Going to the source, farmer-owned cooperative CHS Inc. is working on plans to build a fertilizer plant in Spiritwood, ND, alongside the Bakken Shale. The company is looking toward a completion date of 2016 for project that would cost about $1 billion with a capacity of 2,200 tons/day of ammonia (see Shale Daily, Sept. 14, 2012).
“Certainly, the presence of inexpensive natural gas in the region was a driving force behind our looking into this region,” CHS spokeswoman Lani Jordan told NGI’s Shale Daily. “We are studying the sourcing of natural gas,” Jordan said, noting the presence of a railway line and highway near the site.
Natural gas accounts for about two-thirds of the final fertilizer product’s production cost at current prices.

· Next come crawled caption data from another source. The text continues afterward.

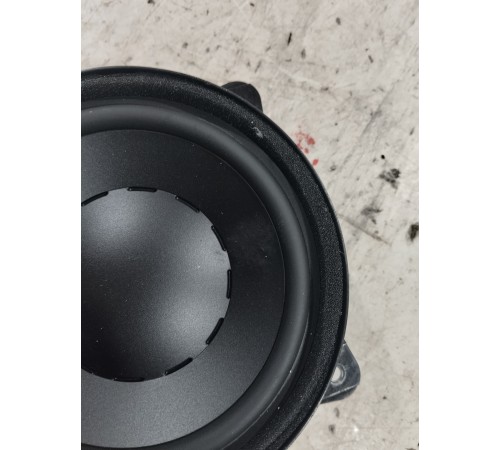 Динамик двери (задний правый)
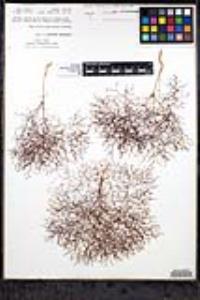 Eriogonum parishii image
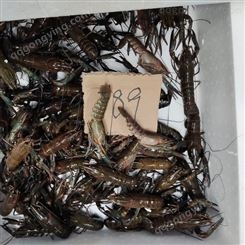 澳龙虾塘直供澳龙批发789钱规格澳洲淡水小龙虾十一月34元每斤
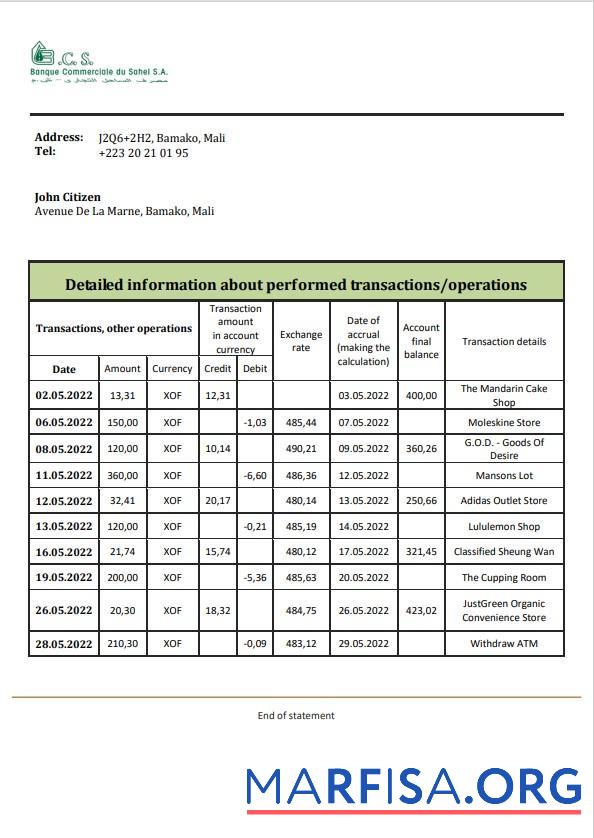Realistic Mali Banque Commerciale du Sahel bank statement word real example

The fertilizer plant would be the company’s first, and the production would replace imported fertilizer. “A plant like this is about production closer to home,” Jordan said. In 2011, the U.S. imported a record 54%, or 10.8 million tons, of its nitrogen fertilizer, according to the U.S. Department of Agriculture. Farmers would also benefit from lower fertilizer prices. Anhydrous ammonia prices are near $900/ton.
North Dakota has been encouraging the development of fertilizer plants as a way of decreasing the flaring of stranded natural gas. At its peak, more than one-third of production was flared (see Shale Daily, July 24, 2012; Aug. 17, 2012). Jeff Zent, communications director of the North Dakota governor’s office, told NGI’s Shale Daily the CHS plant is “part of the overall effort” to reduce flaring (see related story). “If you’re using more natural gas, it stands to reason that there’s less to be burned off.”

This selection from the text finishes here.